Born in Philadelphia in 1947, James Morrow grew up in the suburban town of Roslyn and spent most of his adolescence in Hillside Cemetery, not far from the big city. While such a preoccupation might normally bespeak a morbid frame of mind, in Jim’s case the explanation lies in his passion for 8mm moviemaking. Before going off to college, he and his friends used graveyard locales in a half-dozen short horror and fantasy films, including The Revenge of the Monster Maker, Cagliostro the Sorcerer, and two literary adaptations, The Ancient Mariner and The Tell-Tale Heart.

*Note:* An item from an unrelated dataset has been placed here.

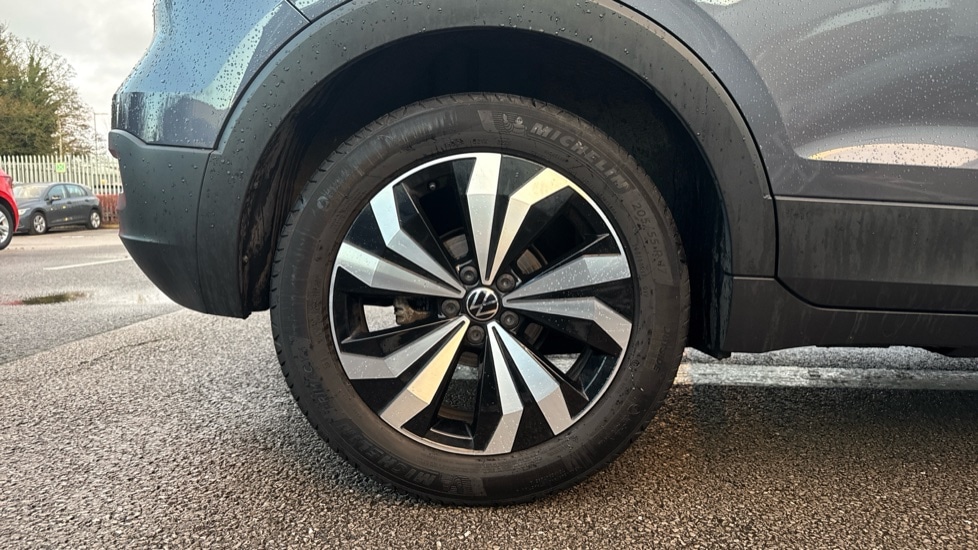 Used Volkswagen T-Cross 2023 for sale - 77025539: Photo 5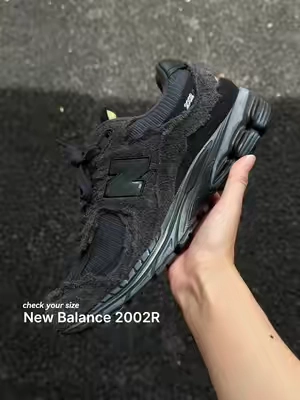 Shop with confidence 🥷 #newbalance #flykicks #shoestyle #comfortable #fly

After receiving degrees from the University of Pennsylvania and Harvard University, Morrow channeled his storytelling drive into the production of prose fiction. His first such endeavor, a Vonnegutian fable titled The Wine of Violence, was called “the best SF novel published in English in the last ten years” by the American Book Review. Next came The Continent of Lies, a satiric meditation on what is now termed virtual reality. The author’s breakout novel was an acerbic indictment of the nuclear arms race, This Is the Way the World Ends, which became a Nebula Award nominee and the BBC’s choice as the best SF novel of the year. His subsequent dark comedy, Only Begotten Daughter, chronicled the escapades of Jesus Christ’s divine half-sister in contemporary Atlantic City. It won the 1991 World Fantasy Award.
Throughout the 1990’s Morrow devoted his literary energies to killing God, an endeavor he pursued through three interconnected novels. The first book of the Godhead Trilogy, Towing Jehovah, winner of the World Fantasy Award, recounts the efforts of a supertanker captain to bury the two-mile-long corpse of God. Blameless in Abaddon, a New York Times Notable Book of the Year, finds a small-town, small-time Pennsylvania magistrate putting God on trial for crimes against humanity. In The Eternal Footman, nominated for the Grand Prix de l’Imaginaire, a “plague of death awareness” descends on humankind after God’s skull goes into geosynchronous orbit above Times Square.
Having grown sick of his Creator, and vice-versa, Jim next attempted to dramatize the birth of the scientific worldview. The resulting historical novel, The Last Witchfinder, tells of Jennet Stearne, who makes it her life’s mission to bring down the 1604 Parliamentary Witchcraft Act. Janet Maslin, writing in the New York Times, praised this postmodern extravaganza for fusing “storytelling, showmanship, and provocative book-club bait … into one inventive feat.” The author followed The Last Witchfinder with a thematic sequel, The Philosopher’s Apprentice, relating the adventures of a failed philosophy student hired to implant a conscience in a young woman whose brain is a tabula rasa. Reviewing The Philosopher’s Apprentice on NPR’s Fresh Air, Maureen Corrigan called it “an ingenious riff on Mary Shelley’s Frankenstein,” adding, “hold on tight and enjoy the giddy thrills.”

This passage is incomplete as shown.